Unsere Stallanlage im Aufbau...


Dies ist meine Stallanlage kurz vor der Fertigstellung. Deshalb auch noch mit Mischmaschine und Karre........

Geplant war ein 20 Meter langer und 4 Meter breiter Bau aus 11,5 cm dickem Kalksandsteinmauerwerk. Der Fußboden und Fundamente wurden aus Stahlbeton und der obere Mauerabschluss mit einem Betonringbalken, der auch Fenster- und Türstürze sowie die Dachverankerung ausbildete, erstellt. Also wurde erstmal fleißig gemauert. In Höhe der späteren Stallböden, die aus Beton erstellt werden sollten, wurden 5 cm. tiefe Aussparrungen als Auflager eingearbeitet.

 

Nachdem das Mauerwerk stand, wude ein ca. 15 cm. hoher  Ringbalken eingeschalt und aus Stahlbeton erstellt. Der Ringbalken hat die Aufgabe, erstens die Türen und Fensterstürze auszubilden und zweitens die Schubkräfte des Daches abzufedern sowie die Befestigung der Dachbalken zu gewähren.

Das Dach besteht aus kleinwelligen Dachplatten. Dabei wurden die Dachbalken nicht ausgemauert um eine ständige Belüftung zu erhalten. Dann begann die Erstellung der Boxen.

Als erstes verlegten wir die Rohrleitungen für den Jaucheablauf. Da wir die Leitung innerhalb der Stallanlage abführen wollten, wurden die unteren Boxen ca. 40 cm über dem Boden angelegt, was sich später als sehr bequem erwies. Es wurde unterhalb der Boxen eine 5 cm. Hauptleitung mit einem Gefälle von 30 cm. verlegt in der die Einlaufrohre eingeführt wurden. Die Hauptleitung kann am obersten Ende geöffnet werden um eventuelle Verstopfungen beseitigen zu können und endet in einem Jauchefass ausserhalb der Stallanlage. Verdünnt ergibt es einen wunderbaren Gartendünger. Die Einlaufrohre wurden mittig in die Boxen verlegt, wobei die Unteren mit einem 90 Grad Bogen angeschlossen wurden.  

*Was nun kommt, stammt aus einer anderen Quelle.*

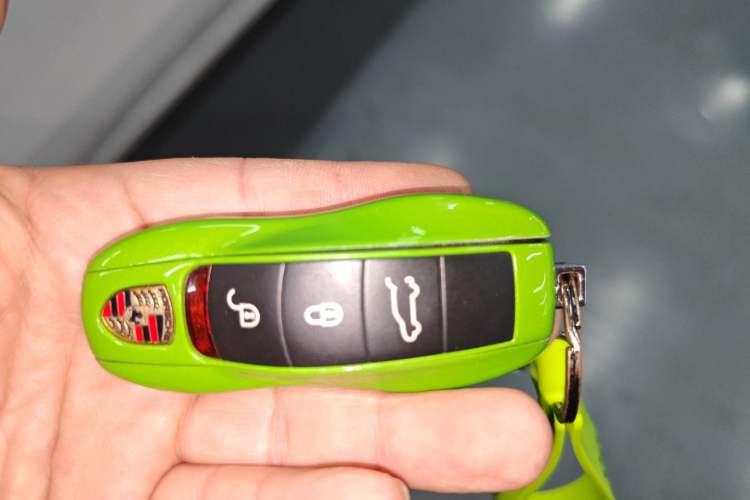 Used Porsche Macan 2017 Macan S 3.0T Vehicle Key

Die Boxen haben die Ausmasse 1,30 x 0,90 x 0,70 und können durch Schieber miteinander verbunden werden damit sich die Jungtiere zurückziehen können.

Dann wurden die Böden eingeschalt und in einem Stück aus einer ca. 5 cm starken Betondecke geschüttet. Dabei wurde darauf geachtet, dass die Flüssigkeiten (Jauche und Ausspritzwasser) nicht auf dem Beton Pfützen bilden kann. Dann wurden die Trennwände aus 7,2 cm Kalksandsteinen gemauert und die zweite Decke eingeschalt. Auch diese wurde in einem Stück betoniert. Ebenso wie die Abschlussdecke, die später wunderbar als Ablagefläche genutzt werden kann. Danach konnte dann mit dem Innenausbau begonnen werden.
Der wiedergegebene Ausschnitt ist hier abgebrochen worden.